Manfredi precisa che prima di iniziare la sua conferenza sul tiranno Dionisio il grande, dovrà concludere l’ultima lezione per i ragazzi di Scienze dei B.B.C.C. e, quindi inizia a parlare del rapporto tra il cinema e il mondo classico, di come quest’ultimo sia stato raccontato in modo a volte sublime, a volte disastroso, ma sempre attraverso letture “ideologiche”, parla di due film di cui ha curato la sceneggiatura: “L’ultima legione”, tralaltro da un suo romanzo, prodotto da Dino De Laurentis, uscita prevista a marzo e “Memorie di Adriano” dal libro di Marguerite Yourcenar, prodotto dal siciliano Enzo Peri.

Sono le 18:08 e lo scrittore inizia a parlare del “suo” Dionisio il grande. Fa una breve, ma illuminante, premessa riguardo il rapporto tra la letteratura e la storia, contrappone Omero a Tucidide, racconta di come per quest’ultimo la storia sia autopsia, e di come lo storico sia quindi “colui che sa perché ha visto”. E qui Manfredi alza il tono dicendo che Tucidide “ha torto marcio”, perché Omero è nella storia, ciò che dice non è vero ma è storia. “Omero non è mito ma epica”, e spiega di come lo scrittore, quale egli stesso è, attraverso il racconto di fatti accaduti, deformati e non più riconoscibili, vuole comunicare emozioni. Mentre la storia procede per problemi la letteratura procede per emozioni. Dove lo storico non ha abbastanza fonti e non può tirare delle conclusioni, tace. Lì lo scrittore continua, riuscendo a veicolare attraverso le emozioni, dei messaggi. Del resto, dice: “lo storico ha un suo essere oggettivo che è assolutamente soggettivo”. A questo punto riprende la narrazione “emozionale” del suo Dionisio, dalla eclissi di luna del 27 agosto del 413 a.C., che segna la sconfitta degli ateniesi contro Siracusa, passando per una serie di eventi reali, e supposte reazioni emotive del giovane Dionisio, attraverso la maturazione ideologica, politica e umana del futuro tiranno. Valerio Massimo Manfredi ci descrive quello che gli storici non ci regaleranno mai: l’uomo, le sue passioni, le sue emozioni.

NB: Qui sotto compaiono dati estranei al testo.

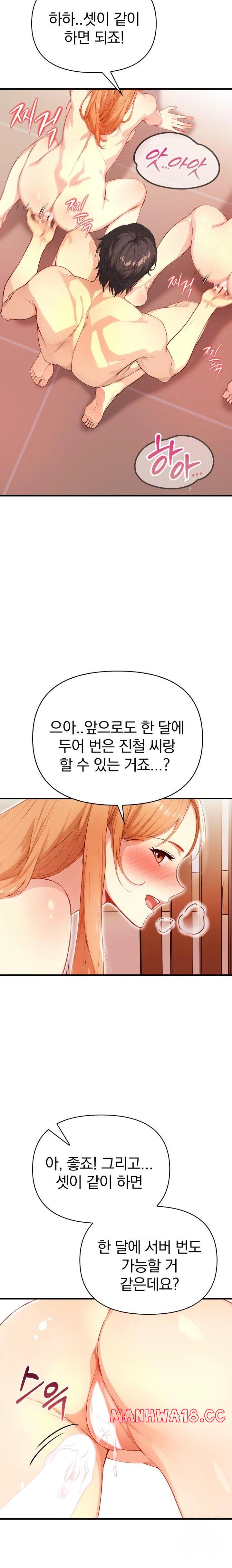 Big Breast Waxing Shop Managers Raw Chapter 20 Page 26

Peccato per il cellulare che squilla proprio dieci minuti prima della conclusione, alle 18:52, mentre lo scrittore fa una veloce virata sul mondo politico e i Leghisti di Bossi e sulla loro scelta di far risalire le proprie radici ai Celti.
Proprio quei Celti che Dionisio aveva scelto come soldati al mercato di Ancona e che aveva indissolubilmente legato alla Sicilia attraverso il mito di Galatea ed Aci. Manfredi sorride e dice “l’ignoranza uccide più che la spada”.